> _Data for analysis_:
++++

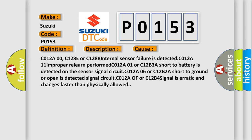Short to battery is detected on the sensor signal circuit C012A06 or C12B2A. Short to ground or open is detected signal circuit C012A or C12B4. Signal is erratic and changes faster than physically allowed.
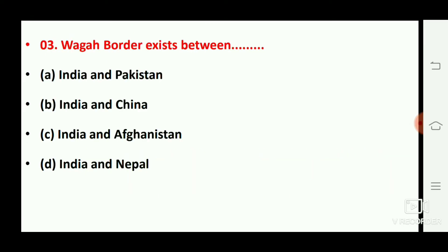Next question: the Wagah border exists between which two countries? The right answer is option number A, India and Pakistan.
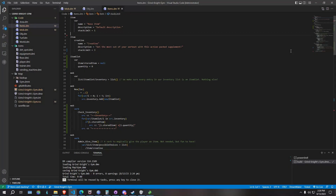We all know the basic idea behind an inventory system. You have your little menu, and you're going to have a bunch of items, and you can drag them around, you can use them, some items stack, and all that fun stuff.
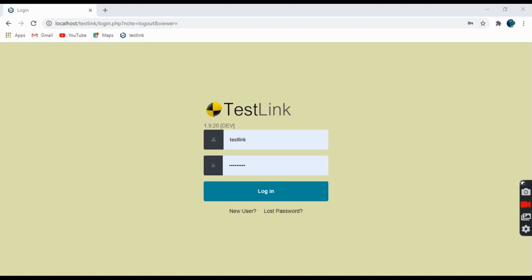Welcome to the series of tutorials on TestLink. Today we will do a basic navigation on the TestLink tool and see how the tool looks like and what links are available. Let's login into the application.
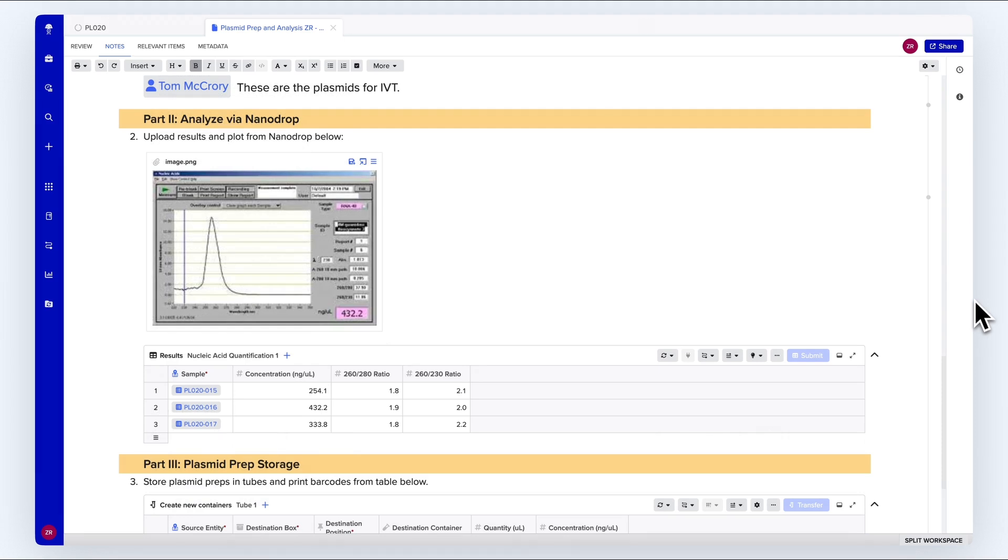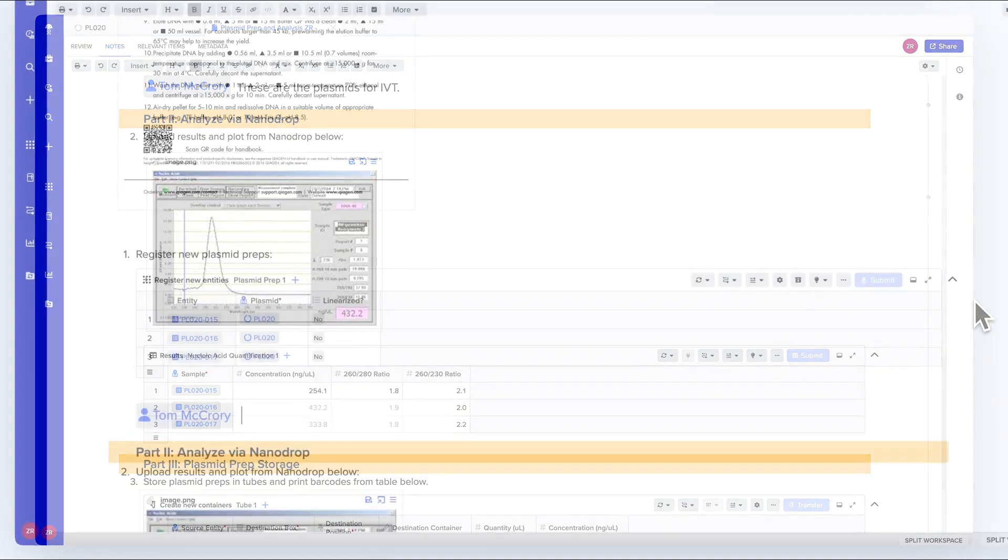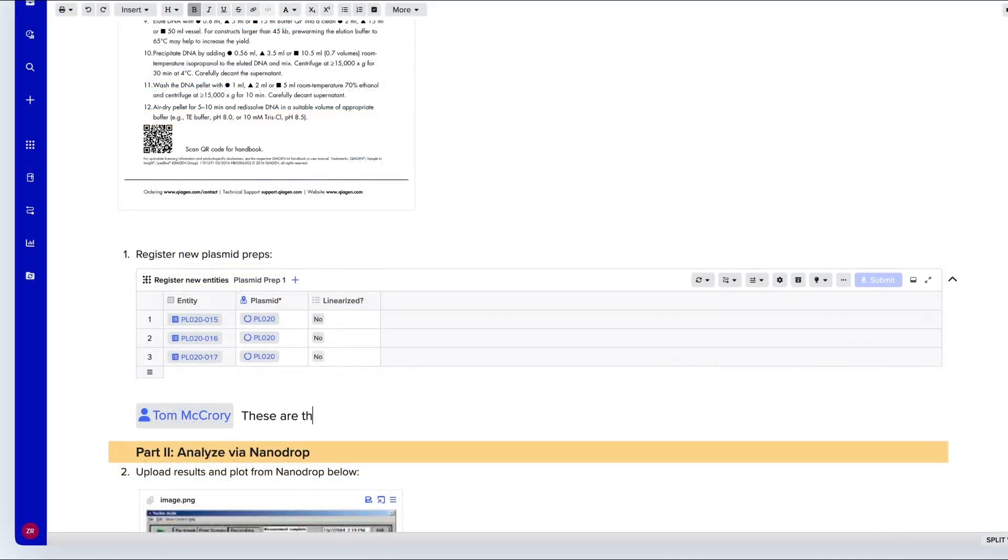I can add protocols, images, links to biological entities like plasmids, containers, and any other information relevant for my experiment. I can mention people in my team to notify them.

++++

> _Description of the task_: The line with "Welcome to the" ends the range, and the first line of the data begins it; repeat exactly those lines and nothing more, omitting pictures.

> _Response_:
Short to battery is detected on the sensor signal circuit C012A06 or C12B2A. Short to ground or open is detected signal circuit C012A or C12B4. Signal is erratic and changes faster than physically allowed.
Next question: the Wagah border exists between which two countries? The right answer is option number A, India and Pakistan.
We all know the basic idea behind an inventory system. You have your little menu, and you're going to have a bunch of items, and you can drag them around, you can use them, some items stack, and all that fun stuff.
Welcome to the series of tutorials on TestLink. Today we will do a basic navigation on the TestLink tool and see how the tool looks like and what links are available. Let's login into the application.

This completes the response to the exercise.